XHBO-FM
- San José de la Sonaja/Irapuato, Guanajuato; Mexico;
- Frequency: 105.5 MHz
- Branding: Fiesta Mexicana

Programming
- Format: Grupera

Ownership
- Owner: Grupo Radiorama; (Radio BO, S.A. de C.V.);

History
- First air date: January 16, 1937 (concession)

Technical information
- ERP: 3 kW
- HAAT: 21.92 meters
- Transmitter coordinates: 20°40′57.26″N 101°21′10.35″W﻿ / ﻿20.6825722°N 101.3528750°W

Links
- Webcast: XHBO-FM

= XHBO-FM =

Radio station in Irapuato, Guanajuato

XHBO-FM is a radio station on 105.5 FM in Irapuato, Guanajuato.
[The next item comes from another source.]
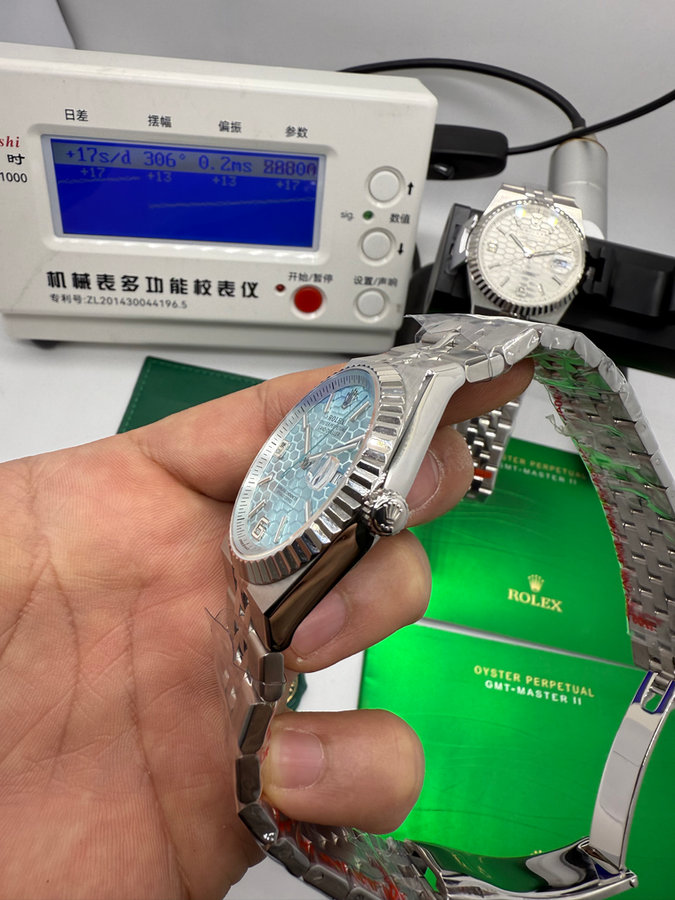 Rolex Oyster Perpetual Land‑Dweller — vista 2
XHBO is owned by Grupo Radiorama and carries its Fiesta Mexicana grupera format.

==History==

Logo used when XHBO carried Radiorama's @FM (Arroba FM) pop format

XEBO-AM received its concession on January 16, 1937, broadcasting with 600 watts on 1330 kHz. By the 1960s it was operating with 1,000 watts, and ultimately in the 1990s it changed to 5,000.

In October 2011, a strike began at XEBO over unpaid salaries, impeding its AM-FM migration and shutting the station down for two years. On December 12, 2013, XEBO's employees signed an agreement to sell the station to Radiorama. When XEBO returned to the air, it had carried out its AM-FM migration and become XHBO-FM 105.5.

For some time until 2015, XEBO/XHBO's transmitter was located in San José de la Sonaja, to the south of town. It was relocated to Irapuato that year. In 2016, the successors of Alfonso Martínez Vela transferred the station to a new concessionaire.

In March 2018, XHBO-FM was taken over by Multimedios Radio as part of MM beginning operations of the Radiorama Bajío cluster in León. Multimedios immediately replaced the @FM pop format, owned by Radiorama, with its La Lupe format of grupera music from the 80s and 90s.

The change was undone when Multimedios stopped leasing several stations from Radiorama on August 1, 2020.